It is no secret that the Cold War was synonymous with covert military operations.

Few people know, for example, that massive US Air Force B-36 intercontinental bombers – referred to as “Peacemakers” – regularly flew mock bombing exercises over major US cities, including San Francisco. It was on one of these training runs that tragedy struck B-36 Bomber 075.

Just before midnight on Feb. 13, 1950, three engines on Bomber 075 caught fire over Vancouver Island. The crew was ordered to jump, and the plane ditched somewhere in the Pacific Ocean. Nearly four years later, the wreck of the bomber was found by accident in a remote location in the coastal mountains of British Columbia, three hours’ flying time in the opposite direction of where it was supposed to have crashed. How did it get there?

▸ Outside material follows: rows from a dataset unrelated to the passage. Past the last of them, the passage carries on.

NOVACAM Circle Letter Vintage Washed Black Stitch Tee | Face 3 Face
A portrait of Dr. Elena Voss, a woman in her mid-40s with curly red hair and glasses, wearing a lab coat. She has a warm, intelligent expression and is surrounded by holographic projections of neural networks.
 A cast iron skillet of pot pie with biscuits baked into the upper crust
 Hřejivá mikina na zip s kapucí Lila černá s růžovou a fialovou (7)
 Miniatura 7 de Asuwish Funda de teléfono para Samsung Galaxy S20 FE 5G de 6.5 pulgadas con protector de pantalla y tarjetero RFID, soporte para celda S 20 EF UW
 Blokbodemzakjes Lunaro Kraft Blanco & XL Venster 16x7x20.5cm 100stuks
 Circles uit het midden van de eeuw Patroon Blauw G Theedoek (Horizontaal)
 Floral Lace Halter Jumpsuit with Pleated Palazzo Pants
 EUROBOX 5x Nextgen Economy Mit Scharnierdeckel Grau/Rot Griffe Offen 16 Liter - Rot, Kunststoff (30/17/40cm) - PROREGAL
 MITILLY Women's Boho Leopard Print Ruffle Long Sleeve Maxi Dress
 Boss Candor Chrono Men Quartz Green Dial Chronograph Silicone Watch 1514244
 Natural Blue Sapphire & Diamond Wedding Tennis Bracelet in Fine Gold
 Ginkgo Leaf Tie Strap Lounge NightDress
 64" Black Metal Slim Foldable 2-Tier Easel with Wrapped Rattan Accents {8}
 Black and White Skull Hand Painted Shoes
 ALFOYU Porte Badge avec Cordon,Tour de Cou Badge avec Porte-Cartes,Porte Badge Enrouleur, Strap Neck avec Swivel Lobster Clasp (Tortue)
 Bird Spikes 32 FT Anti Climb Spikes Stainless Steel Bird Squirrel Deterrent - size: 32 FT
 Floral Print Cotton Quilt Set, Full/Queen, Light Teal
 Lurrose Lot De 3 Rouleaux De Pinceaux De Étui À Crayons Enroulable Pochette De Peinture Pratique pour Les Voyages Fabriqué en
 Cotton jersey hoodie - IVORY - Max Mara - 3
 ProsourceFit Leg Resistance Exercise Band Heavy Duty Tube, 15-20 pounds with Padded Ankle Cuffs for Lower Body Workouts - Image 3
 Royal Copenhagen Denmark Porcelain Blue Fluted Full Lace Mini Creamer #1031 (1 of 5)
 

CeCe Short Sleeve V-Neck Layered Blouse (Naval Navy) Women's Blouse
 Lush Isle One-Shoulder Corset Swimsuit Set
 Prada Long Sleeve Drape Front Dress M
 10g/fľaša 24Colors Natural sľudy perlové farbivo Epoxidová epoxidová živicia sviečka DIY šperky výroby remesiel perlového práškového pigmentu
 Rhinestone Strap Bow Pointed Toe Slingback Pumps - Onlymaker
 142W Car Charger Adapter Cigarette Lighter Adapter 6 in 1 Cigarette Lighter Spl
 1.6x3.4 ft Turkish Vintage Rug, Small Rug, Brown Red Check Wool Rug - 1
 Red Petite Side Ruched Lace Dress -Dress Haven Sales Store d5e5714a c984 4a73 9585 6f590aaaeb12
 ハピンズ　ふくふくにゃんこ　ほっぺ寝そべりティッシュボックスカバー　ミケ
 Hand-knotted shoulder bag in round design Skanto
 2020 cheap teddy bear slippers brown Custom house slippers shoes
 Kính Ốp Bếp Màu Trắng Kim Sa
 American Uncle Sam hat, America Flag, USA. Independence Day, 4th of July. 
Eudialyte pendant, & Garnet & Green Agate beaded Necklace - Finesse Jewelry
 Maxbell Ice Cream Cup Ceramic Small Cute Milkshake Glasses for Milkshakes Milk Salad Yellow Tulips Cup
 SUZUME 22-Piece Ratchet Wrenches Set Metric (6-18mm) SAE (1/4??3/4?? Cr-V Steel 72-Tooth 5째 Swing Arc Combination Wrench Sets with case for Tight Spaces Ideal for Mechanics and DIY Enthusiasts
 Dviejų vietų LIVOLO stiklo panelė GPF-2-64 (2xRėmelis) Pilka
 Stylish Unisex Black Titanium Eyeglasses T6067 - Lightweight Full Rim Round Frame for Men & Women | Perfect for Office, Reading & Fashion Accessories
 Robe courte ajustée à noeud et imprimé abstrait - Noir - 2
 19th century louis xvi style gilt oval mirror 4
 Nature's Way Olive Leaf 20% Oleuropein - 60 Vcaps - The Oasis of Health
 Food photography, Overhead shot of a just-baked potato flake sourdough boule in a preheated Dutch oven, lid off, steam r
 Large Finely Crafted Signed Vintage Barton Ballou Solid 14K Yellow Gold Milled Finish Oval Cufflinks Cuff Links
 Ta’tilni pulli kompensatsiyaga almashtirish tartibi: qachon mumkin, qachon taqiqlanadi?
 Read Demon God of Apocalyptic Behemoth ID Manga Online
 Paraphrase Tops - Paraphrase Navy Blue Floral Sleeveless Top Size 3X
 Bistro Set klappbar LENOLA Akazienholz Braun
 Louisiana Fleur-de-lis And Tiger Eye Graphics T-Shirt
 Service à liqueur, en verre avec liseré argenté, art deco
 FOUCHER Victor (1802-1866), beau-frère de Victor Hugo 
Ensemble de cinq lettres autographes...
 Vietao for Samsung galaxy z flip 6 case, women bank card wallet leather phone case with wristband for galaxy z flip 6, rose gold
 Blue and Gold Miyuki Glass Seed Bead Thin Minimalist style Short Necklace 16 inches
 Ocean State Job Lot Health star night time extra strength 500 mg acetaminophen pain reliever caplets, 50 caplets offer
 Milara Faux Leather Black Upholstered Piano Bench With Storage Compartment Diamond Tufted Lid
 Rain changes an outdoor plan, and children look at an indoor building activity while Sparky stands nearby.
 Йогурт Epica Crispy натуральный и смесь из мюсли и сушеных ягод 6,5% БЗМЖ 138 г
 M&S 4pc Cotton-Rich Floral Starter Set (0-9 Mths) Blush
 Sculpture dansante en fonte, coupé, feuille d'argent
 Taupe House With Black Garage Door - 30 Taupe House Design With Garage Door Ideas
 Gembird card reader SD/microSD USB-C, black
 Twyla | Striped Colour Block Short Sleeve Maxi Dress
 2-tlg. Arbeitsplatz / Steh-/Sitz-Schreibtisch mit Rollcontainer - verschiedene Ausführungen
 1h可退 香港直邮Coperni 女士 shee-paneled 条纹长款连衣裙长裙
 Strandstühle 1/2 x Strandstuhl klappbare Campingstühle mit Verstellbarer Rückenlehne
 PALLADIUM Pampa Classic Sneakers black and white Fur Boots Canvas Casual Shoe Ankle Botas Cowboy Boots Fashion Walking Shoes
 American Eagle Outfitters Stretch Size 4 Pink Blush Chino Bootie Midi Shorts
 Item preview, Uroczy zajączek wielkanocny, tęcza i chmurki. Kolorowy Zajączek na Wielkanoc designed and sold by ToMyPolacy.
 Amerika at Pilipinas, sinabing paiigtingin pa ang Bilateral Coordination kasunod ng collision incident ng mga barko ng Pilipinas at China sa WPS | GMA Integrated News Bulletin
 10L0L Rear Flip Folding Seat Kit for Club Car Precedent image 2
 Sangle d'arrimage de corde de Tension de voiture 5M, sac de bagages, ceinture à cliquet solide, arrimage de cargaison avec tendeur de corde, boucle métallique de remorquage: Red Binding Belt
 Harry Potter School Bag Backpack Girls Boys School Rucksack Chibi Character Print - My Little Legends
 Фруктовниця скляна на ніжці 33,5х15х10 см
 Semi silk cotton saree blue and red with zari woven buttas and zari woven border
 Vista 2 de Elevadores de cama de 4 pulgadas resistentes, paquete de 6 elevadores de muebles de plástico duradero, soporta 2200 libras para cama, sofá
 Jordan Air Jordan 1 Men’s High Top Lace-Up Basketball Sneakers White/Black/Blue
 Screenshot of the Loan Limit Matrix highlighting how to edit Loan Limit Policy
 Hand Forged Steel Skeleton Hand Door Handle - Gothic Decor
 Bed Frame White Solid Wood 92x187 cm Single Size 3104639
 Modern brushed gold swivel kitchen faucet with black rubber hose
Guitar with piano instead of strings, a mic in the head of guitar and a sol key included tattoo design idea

After years of silence, the United States finally admitted that Bomber 075 had been carrying a Mark IV nuclear bomb. But was the bomb dropped and exploded over the Inside Passage or was it blown up at the aircraft’s resting place in the mountains? In his new book, Lost Nuke: The Last Flight of Bomber 075, Dirk Septer investigates the final hours of Bomber 075 and attempts to unravel the real story behind more than 60 years of secrecy, misdirection and misinformation.

Dirk Septer is an aviation historian and photographer. He was the lead investigator in the television documentary Lost Nuke and has published over 100 articles in aviation magazines in Canada and the UK and for years wrote a regular column called “North of Sixty” in Canadian Aviator. Dirk lives on Cortes Island.